## What you should do
Every line of the data is to be transcribed as it stands.

## Working data
========================================
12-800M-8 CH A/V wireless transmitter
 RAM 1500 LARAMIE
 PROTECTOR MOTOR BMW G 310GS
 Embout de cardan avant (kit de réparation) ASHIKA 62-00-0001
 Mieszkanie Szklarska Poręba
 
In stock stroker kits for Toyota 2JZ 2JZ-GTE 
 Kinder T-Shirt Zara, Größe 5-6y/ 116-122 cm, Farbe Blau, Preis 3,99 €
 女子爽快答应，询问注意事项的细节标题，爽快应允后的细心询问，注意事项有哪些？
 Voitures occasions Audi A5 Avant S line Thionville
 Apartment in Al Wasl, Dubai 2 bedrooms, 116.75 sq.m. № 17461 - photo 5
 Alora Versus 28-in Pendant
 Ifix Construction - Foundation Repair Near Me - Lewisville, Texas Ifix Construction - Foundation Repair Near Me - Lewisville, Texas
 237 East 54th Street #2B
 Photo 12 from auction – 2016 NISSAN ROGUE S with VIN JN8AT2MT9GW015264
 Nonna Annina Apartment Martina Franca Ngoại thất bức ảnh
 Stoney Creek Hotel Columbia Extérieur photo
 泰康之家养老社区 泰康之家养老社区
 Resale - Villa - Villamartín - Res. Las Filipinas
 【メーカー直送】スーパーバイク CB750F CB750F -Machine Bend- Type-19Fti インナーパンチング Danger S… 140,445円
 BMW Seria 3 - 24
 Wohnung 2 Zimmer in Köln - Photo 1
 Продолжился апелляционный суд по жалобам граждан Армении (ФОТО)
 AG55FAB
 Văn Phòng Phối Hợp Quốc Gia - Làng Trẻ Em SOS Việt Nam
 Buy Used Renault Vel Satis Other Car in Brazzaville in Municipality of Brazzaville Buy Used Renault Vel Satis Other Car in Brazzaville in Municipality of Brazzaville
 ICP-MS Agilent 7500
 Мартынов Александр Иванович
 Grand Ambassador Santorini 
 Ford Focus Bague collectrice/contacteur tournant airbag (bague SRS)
========================================
## Response
12-800M-8 CH A/V wireless transmitter
 RAM 1500 LARAMIE
 PROTECTOR MOTOR BMW G 310GS
 Embout de cardan avant (kit de réparation) ASHIKA 62-00-0001
 Mieszkanie Szklarska Poręba
 
In stock stroker kits for Toyota 2JZ 2JZ-GTE 
 Kinder T-Shirt Zara, Größe 5-6y/ 116-122 cm, Farbe Blau, Preis 3,99 €
 女子爽快答应，询问注意事项的细节标题，爽快应允后的细心询问，注意事项有哪些？
 Voitures occasions Audi A5 Avant S line Thionville
 Apartment in Al Wasl, Dubai 2 bedrooms, 116.75 sq.m. № 17461 - photo 5
 Alora Versus 28-in Pendant
 Ifix Construction - Foundation Repair Near Me - Lewisville, Texas Ifix Construction - Foundation Repair Near Me - Lewisville, Texas
 237 East 54th Street #2B
 Photo 12 from auction – 2016 NISSAN ROGUE S with VIN JN8AT2MT9GW015264
 Nonna Annina Apartment Martina Franca Ngoại thất bức ảnh
 Stoney Creek Hotel Columbia Extérieur photo
 泰康之家养老社区 泰康之家养老社区
 Resale - Villa - Villamartín - Res. Las Filipinas
 【メーカー直送】スーパーバイク CB750F CB750F -Machine Bend- Type-19Fti インナーパンチング Danger S… 140,445円
 BMW Seria 3 - 24
 Wohnung 2 Zimmer in Köln - Photo 1
 Продолжился апелляционный суд по жалобам граждан Армении (ФОТО)
 AG55FAB
 Văn Phòng Phối Hợp Quốc Gia - Làng Trẻ Em SOS Việt Nam
 Buy Used Renault Vel Satis Other Car in Brazzaville in Municipality of Brazzaville Buy Used Renault Vel Satis Other Car in Brazzaville in Municipality of Brazzaville
 ICP-MS Agilent 7500
 Мартынов Александр Иванович
 Grand Ambassador Santorini 
 Ford Focus Bague collectrice/contacteur tournant airbag (bague SRS)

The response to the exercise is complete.